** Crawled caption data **
──────

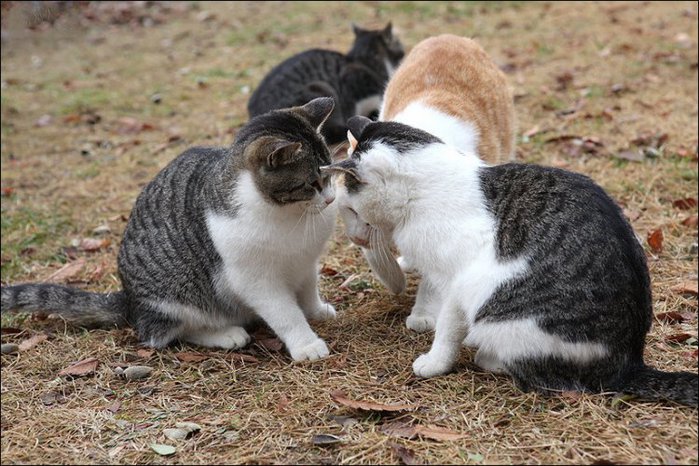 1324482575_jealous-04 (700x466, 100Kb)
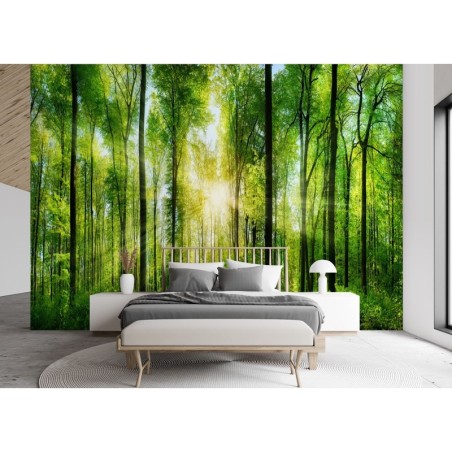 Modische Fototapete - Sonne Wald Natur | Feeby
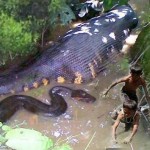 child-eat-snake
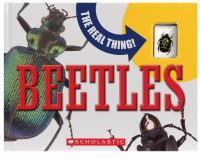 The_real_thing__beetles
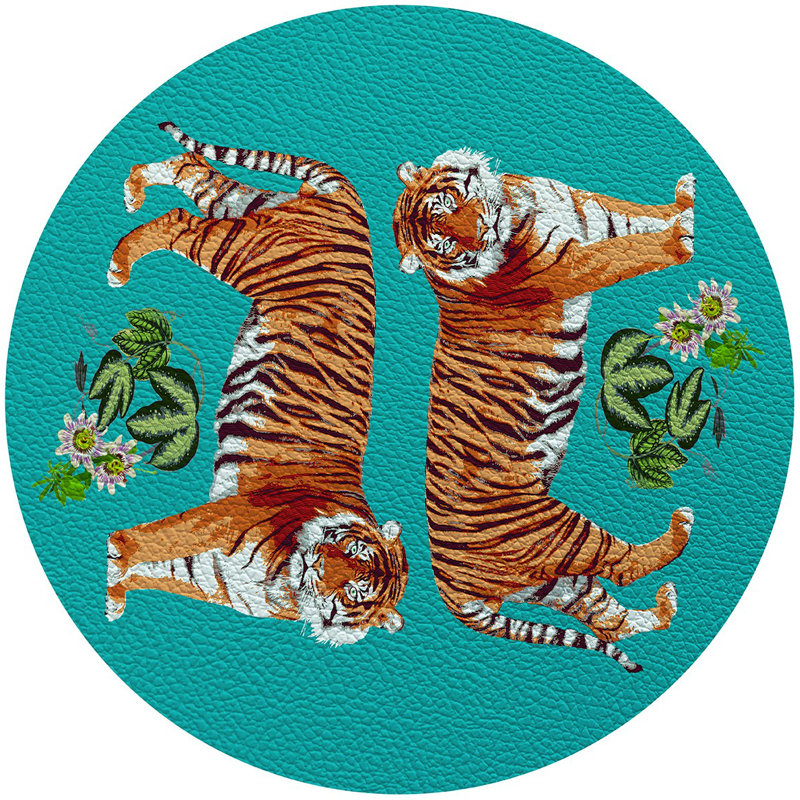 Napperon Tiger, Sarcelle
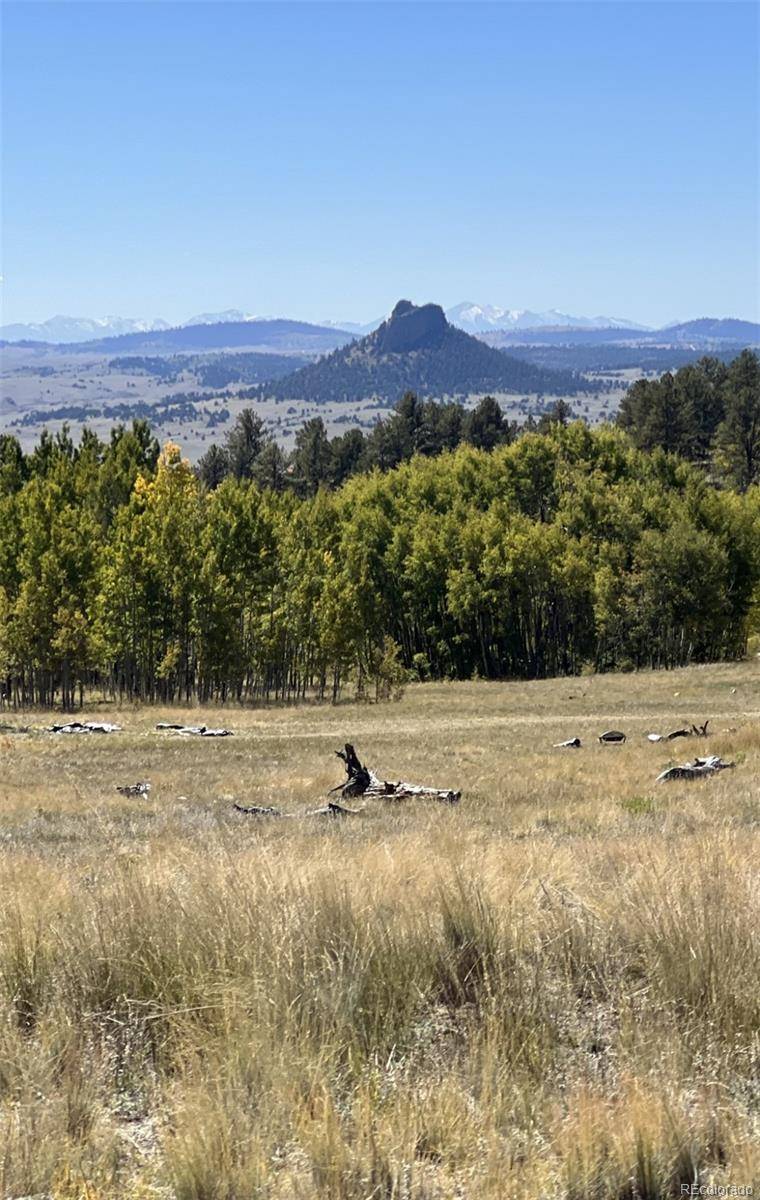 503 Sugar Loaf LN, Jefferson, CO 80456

──────

** Assignment **
Only what runs from the line holding "child-eat-snake" through the end of the entries above is to be given again, exactly, with every picture omitted.

** Answer **
 child-eat-snake
 The_real_thing__beetles
 Napperon Tiger, Sarcelle
 503 Sugar Loaf LN, Jefferson, CO 80456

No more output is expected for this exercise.